EXTRACTED INFORMATION:
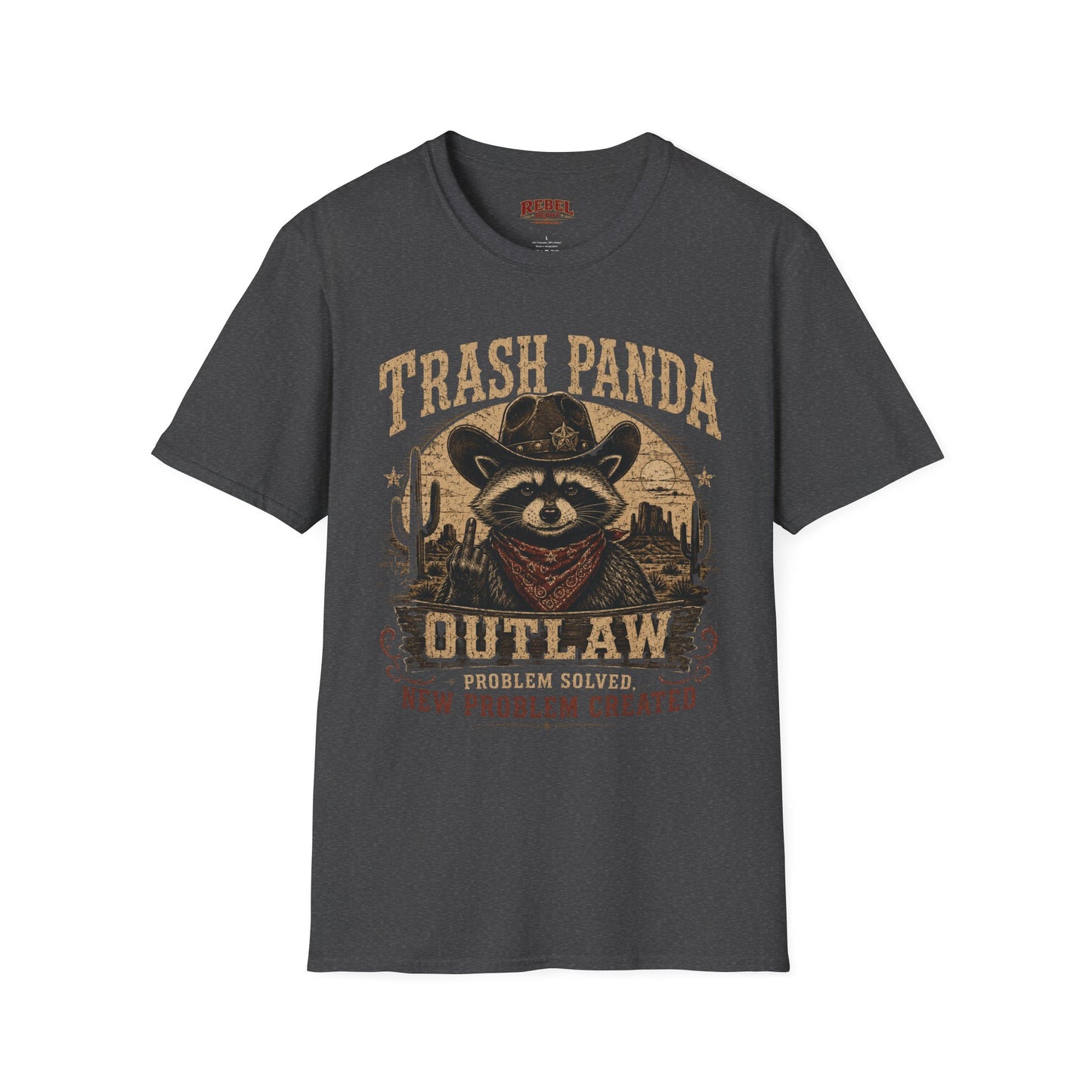 Trash Panda Outlaw (Offensive) Cowboy T-Shirt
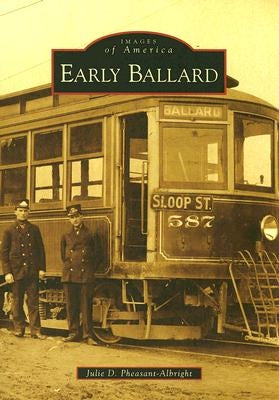 Early Ballard by Pheasant-Albright, Julie D.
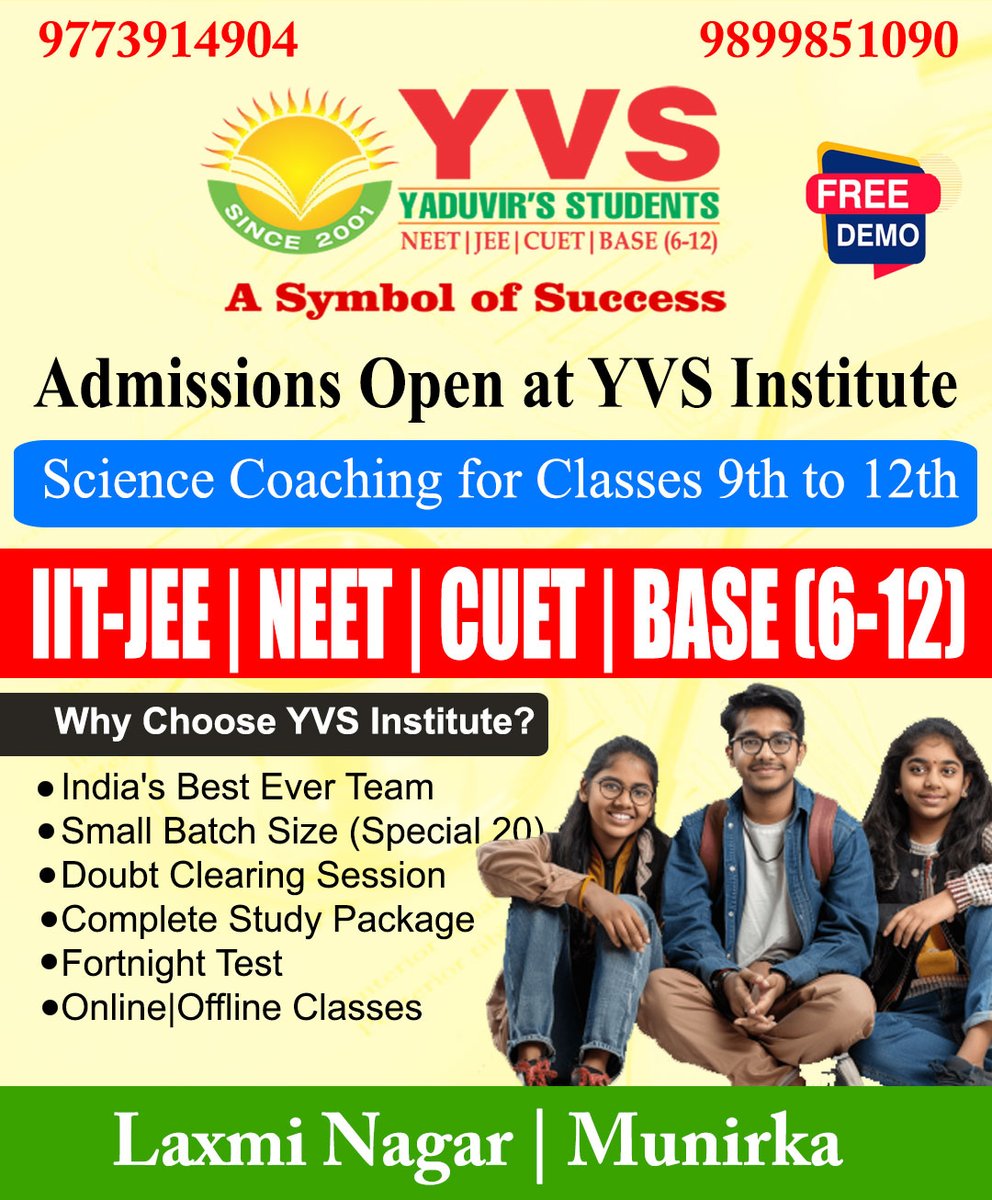 institute_yvs's tweet photo. 🎯 Admissions Open at YVS Institute!
Science Coaching for Classes 9th to 12th
IIT-JEE | NEET | CUET | Foundation Courses

#AdmissionsOpen2026 #YVSInstituteLaxmiNagarDelhi #ScienceClasses #NEETCoaching #JEECoaching #CUET2026 #DelhiCoaching #ChemistryCoachinginDelhi https://t.co/PbwMSfTxmQ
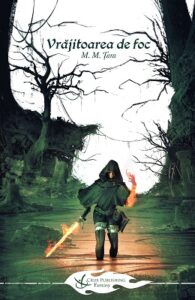 Baladele Nlithiei – Vrăjitoarea de foc by: Mircea M. Țara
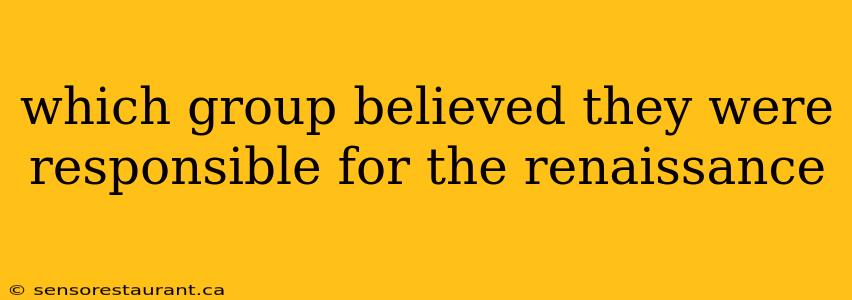 which group believed they were responsible for the renaissance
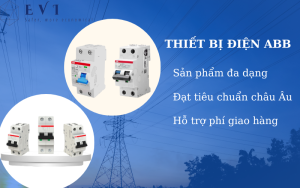 Những điểm nổi bật của thiết bị điện ABB cho gia đình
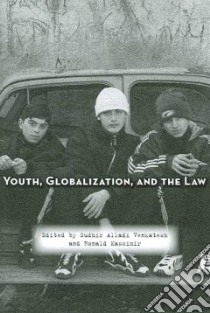 Youth, Globalization, And the Law libro in lingua di Venkatesh Sudhir Alladi (EDT), Kassimir Ronald (EDT)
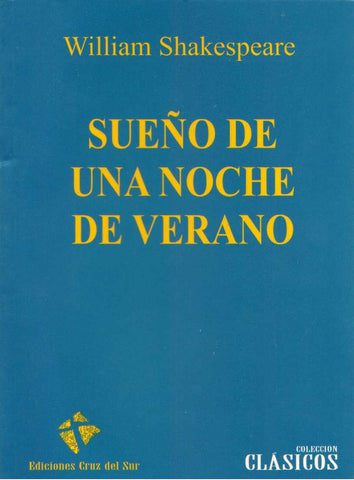 SUEÑO DE UNA NOCHE DE VERANO*.. | William Shakespeare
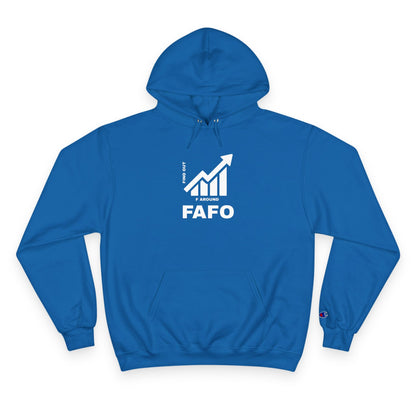 Champion® Hoodie — FAFO WARNING HOODIE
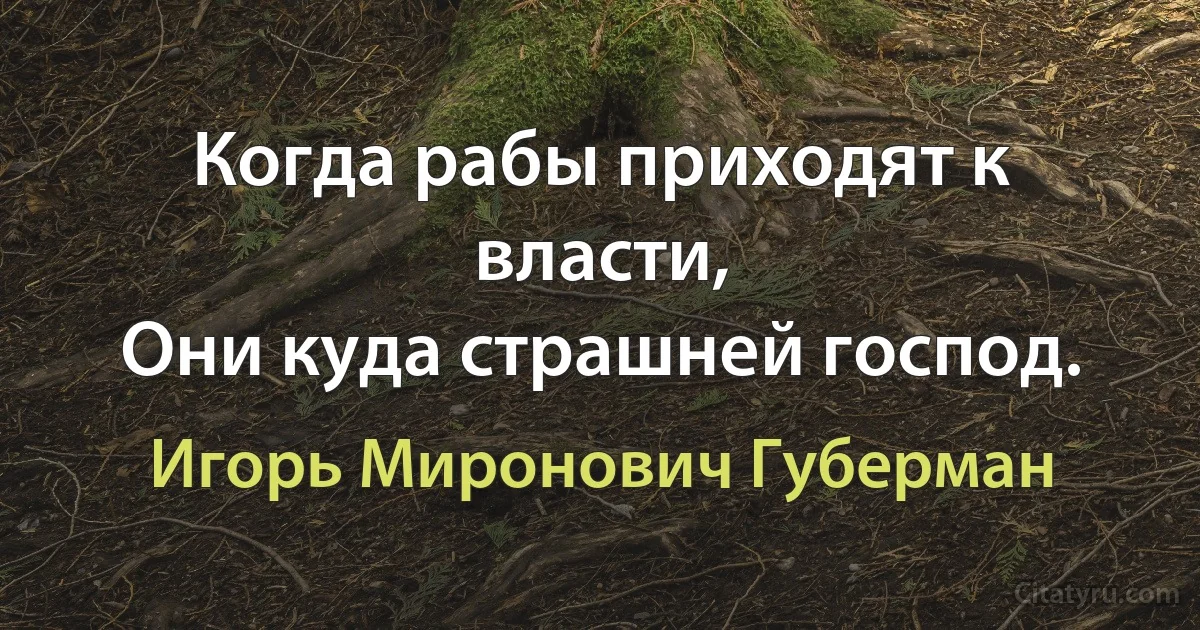 Когда рабы приходят к власти,
Они куда страшней господ. (Игорь Миронович Губерман)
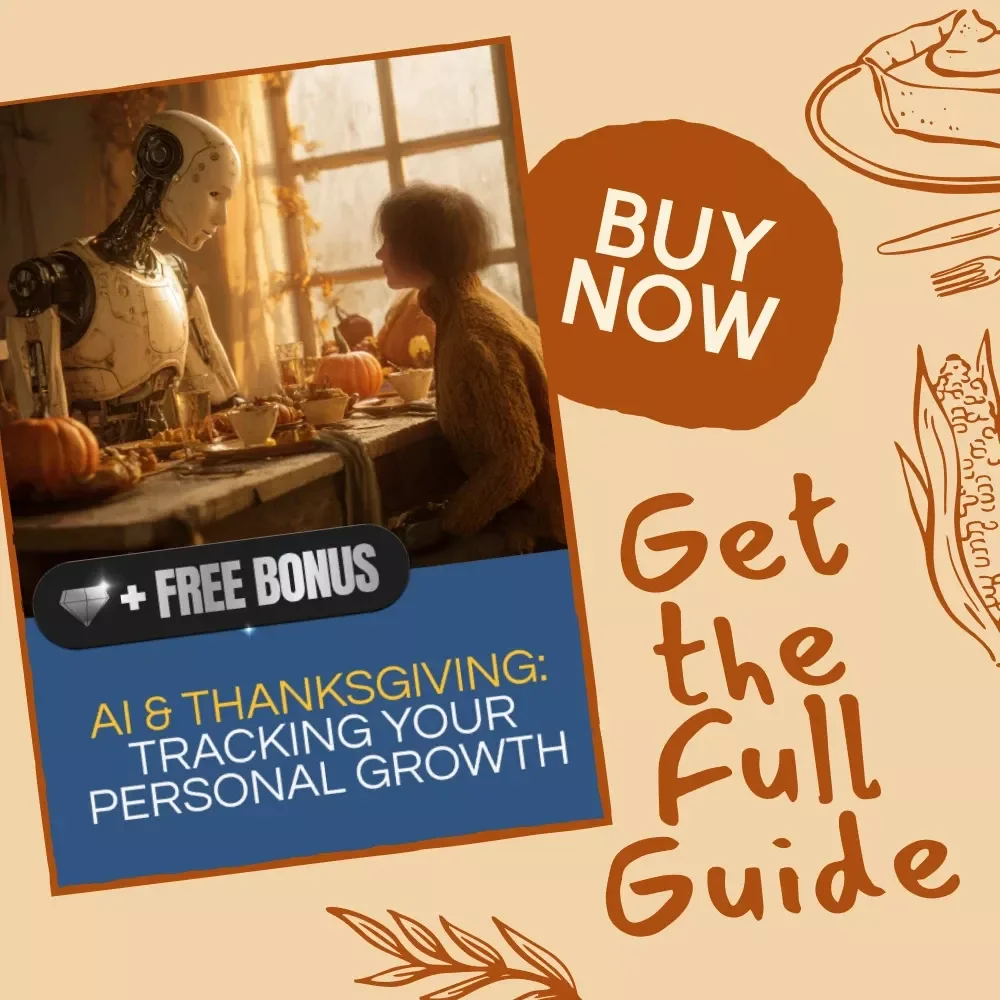 AI & Thanksgiving: Tracking Your Personal Growth | Digital Guide on How to Use AI to Track Personal Growth During Thanksgiving | Gratitude Reflection Workbook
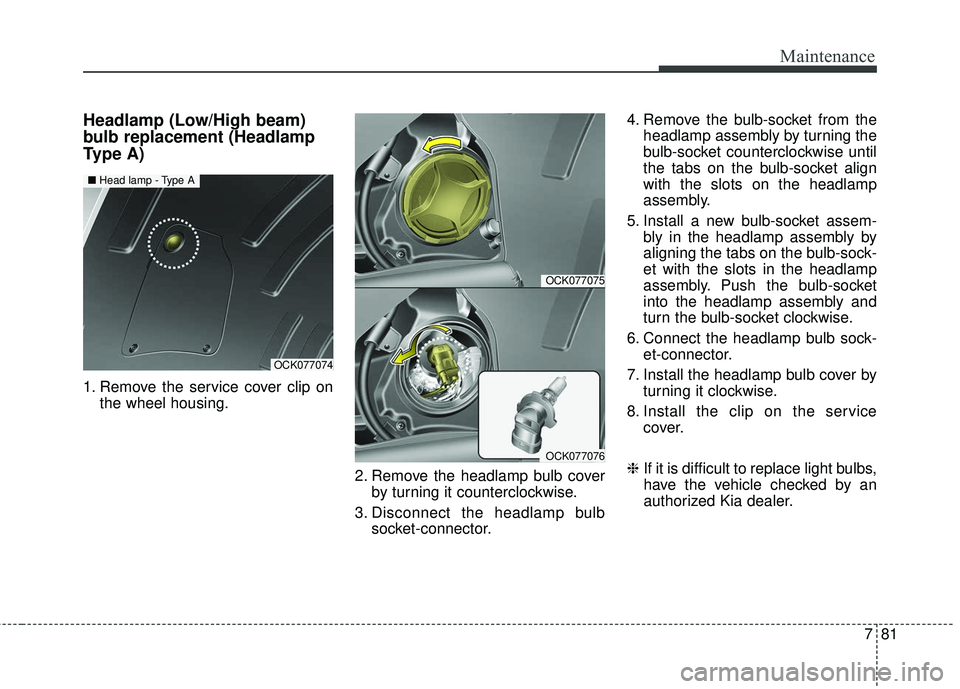KIA STINGER 2018  Owners Manual 781
Maintenance
Headlamp (Low/High beam)
bulb replacement (Headlamp
Type A)
1. Remove the service cover clip onthe wheel housing.
2. Remove the headlamp bulb coverby turning it counterclockwise.
3. Di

WHAT THIS TASK INVOLVES:
Scan the data above for the word "bulb" and report every line where it is found.

SOLUTION FOR THIS TASK:
bulb replacement (Headlamp
2. Remove the headlamp bulb coverby turning it counterclockwise.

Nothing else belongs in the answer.